Then she was blindfolded as they made love, and told him: "Lorenzo, my love. I can't take anymore. So much love will kill me. I'm dying. I'm dying!"

Lucia: "Have you ever with another girl had better sex?...Which do you prefer? Wild sex with a stranger? Or sex with someone you know, someone you love, but also wild?...You have to choose."
Lorenzo: "With you. I'd never imagined being so lucky. Girls like you never like guys like me. You're a gift."

The Sexy Lucia (Paz Vega) - The Love Making and Stripping Scenes








Lucia (Paz Vega)

Storytelling (2001)

Controversial film-maker Todd Solondz's third feature film was divided into two parts, one titled "Fiction" and the other "Non-Fiction."

The dramatic film was rated "R" - instead of NC-17 - only after the director agreed to visually 'censor' an explicit, discomforting sodomy scene in "Fiction." It had numerous and vigorous thrusts during rear-entry intercourse between an older black man and a younger white female-student. The image in the scene was blocked out with a prominent red box in the US release - the scene was un-censored in foreign prints and in the DVD.

In the sex scene under question, nude white female university student Vi (Selma Blair) with pinkish-blonde hair was instructed to "turn around" - she faced a wall when her black, Pulitzer Prize-winning creative arts professor Mr. Gary Scott (Robert Wisdom) pulled down his underwear and entered her from behind.

During intercourse, he repeatedly forced her to yell the N-word: ("Say N---er, f--k me hard") which she reluctantly obeyed, with each word accentuated by his physical thrusting and increasing in tempo and volume. When they were finished, she dressed and told him: "I'm tired, that's all."




Censored Sodomy Scene
with Vi (Selma Blair)

Swordfish (2001)

Director Dominic Sena's R-rated, plot-twisting crime story and action film was noted mostly for super-star Halle Berry's gratuitous, expensive topless revelation (reportedly for which she was contractually paid $500,000 in addition to her $2 million salary) from behind a book while topless sunbathing at poolside.

Berry played the sexy character of temptress Ginger Knowles opposite once-jailed computer hacker Stanley Jobson (Hugh Jackman) and ruthless maniac bank thief/spy Gabriel Shear (John Travolta).

After a failed hostage-rescue in the crime thriller's dramatic opening set in a bank, the film flashbacked four days earlier to Midland, Texas, where ex-con hacker Stanley Jobson (known as "the most dangerous hacker in America") was practicing golf (wrapped only in a towel) on his trailer park rooftop as he watched Ginger Knowles (Halle Berry) drive up in a red sports-car convertible.
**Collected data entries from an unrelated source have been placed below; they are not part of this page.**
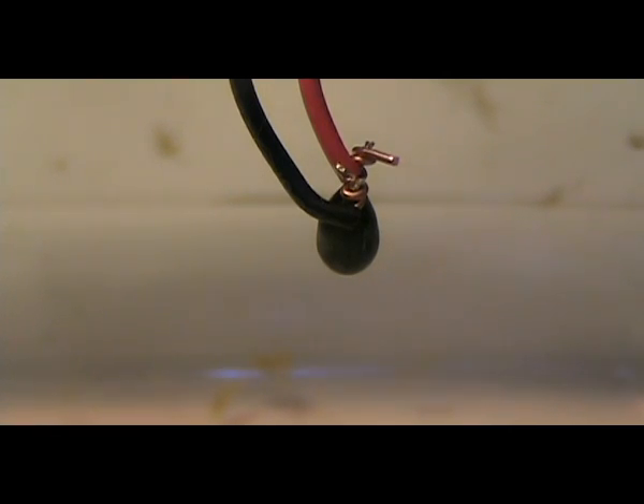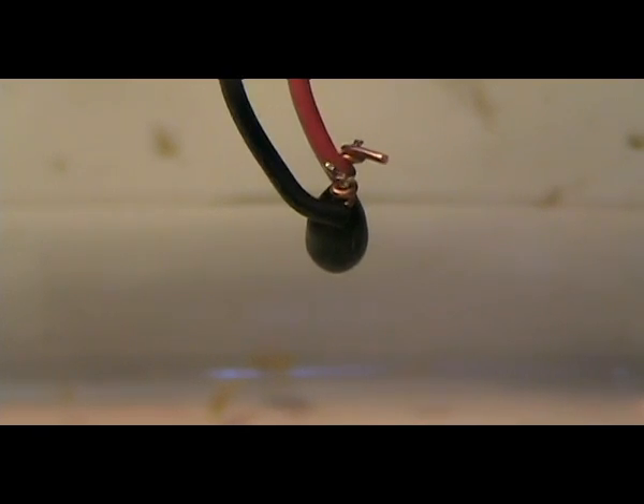Here's a 10 microfarad 25 volt tantalum capacitor.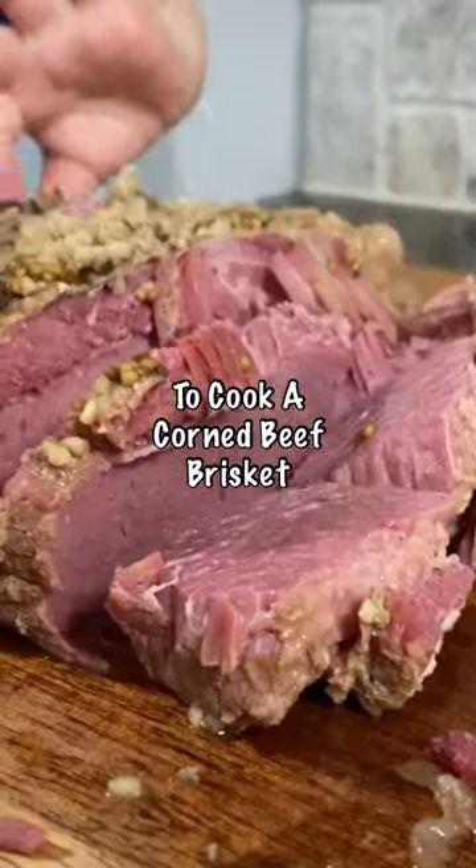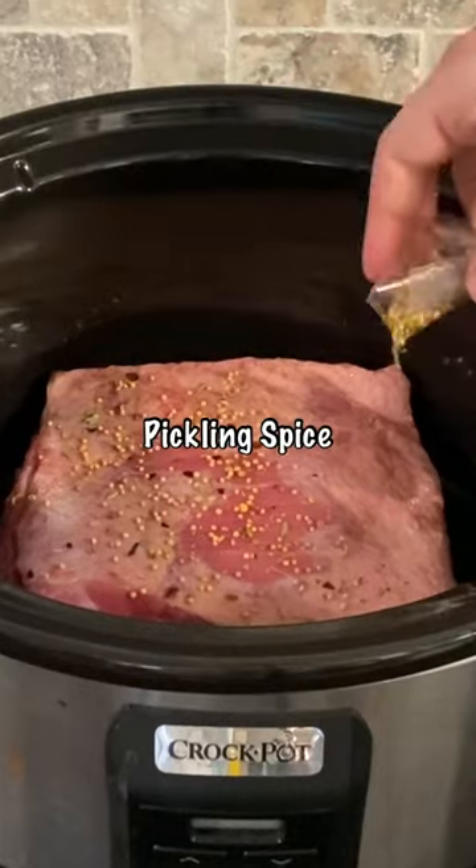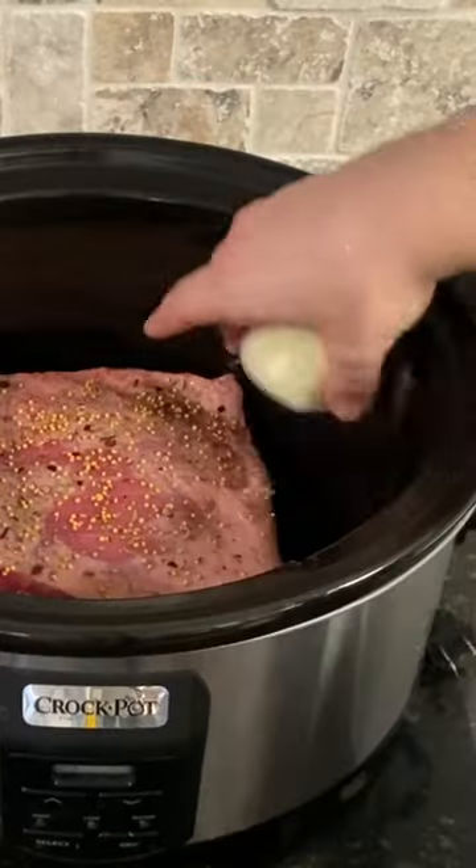Here's a perfectly easy way to cook up a corned beef brisket. In a crock pot, add the corned beef fat side up. With the included pickling spice sprinkled on top, quarter up an onion and toss it in.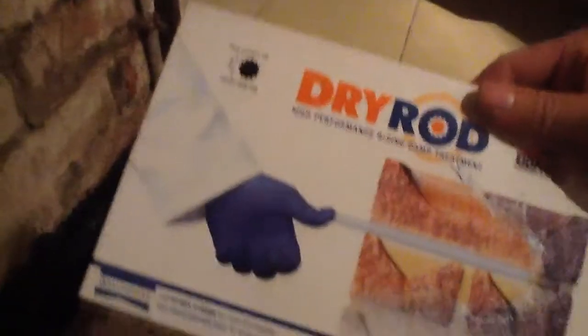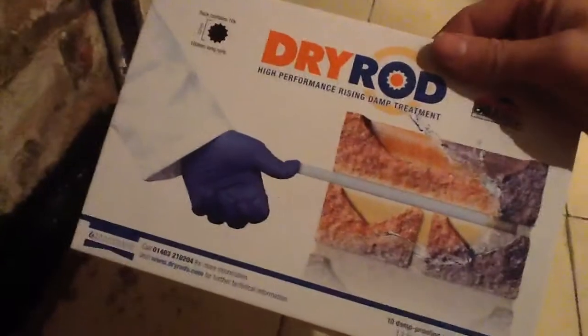But these dry rods are pretty good as well — you shove these in. They're about 25 quid for 10 dry rods and they're meant to last. You can get this stuff from Wickes.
She was wearing a matching one-piece tight red dress while chewing on a red candystick.

The hot agent (providing the film's exploitative eye-candy) was there to employ Stanley's hacker abilities for her boss Gabriel Shear, a former counter-terrorist agent who had gone rogue as a spy, but Stan emphatically declined: "You're wasting your time. If I even touch a computer, I go straight back to Leavenworth. Do not pass Go, do not collect $200." She was brutally blunt: "I'm not here to suck your dick, Stan." But then he was convinced, for $100,000, to meet Gabriel at an LA night club. Almost penniless, Stan needed the money for lawyer fees to obtain custody of his daughter Holly Jobson (Camryn Grimes), who was living with her junkie mother, porn actress Melissa (Drea de Matteo) and her new lover, a porn king.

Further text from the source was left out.